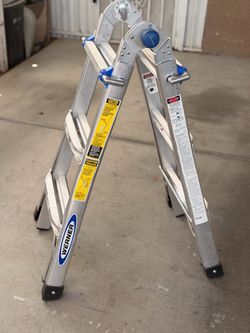 WERNER's 14 ft. Reach Height Aluminum Telescoping Multi-Position Ladder 300 Load Capacity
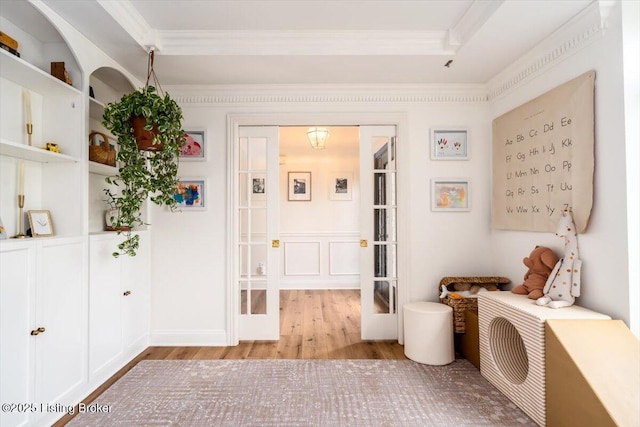 interior space featuring wood finished floors, french doors, and crown molding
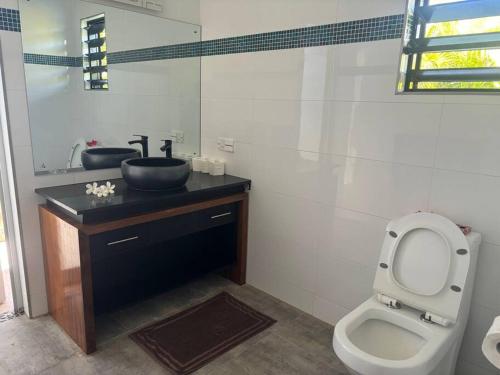 uma casa de banho com um lavatório e um WC em Harmonious Bella Villa em Pacific Harbour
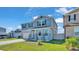 Two-story home featuring beautiful curb appeal, manicured lawn, and inviting outdoor space at 1280 Denali Dr, Winter Haven, FL 33880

Exercise => Skip the pictures. Please copy exactly the lines from the one with "interior space featuring" through the final line of the material above, both ends included.

The answer =>
 interior space featuring wood finished floors, french doors, and crown molding
 uma casa de banho com um lavatório e um WC em Harmonious Bella Villa em Pacific Harbour
 Two-story home featuring beautiful curb appeal, manicured lawn, and inviting outdoor space at 1280 Denali Dr, Winter Haven, FL 33880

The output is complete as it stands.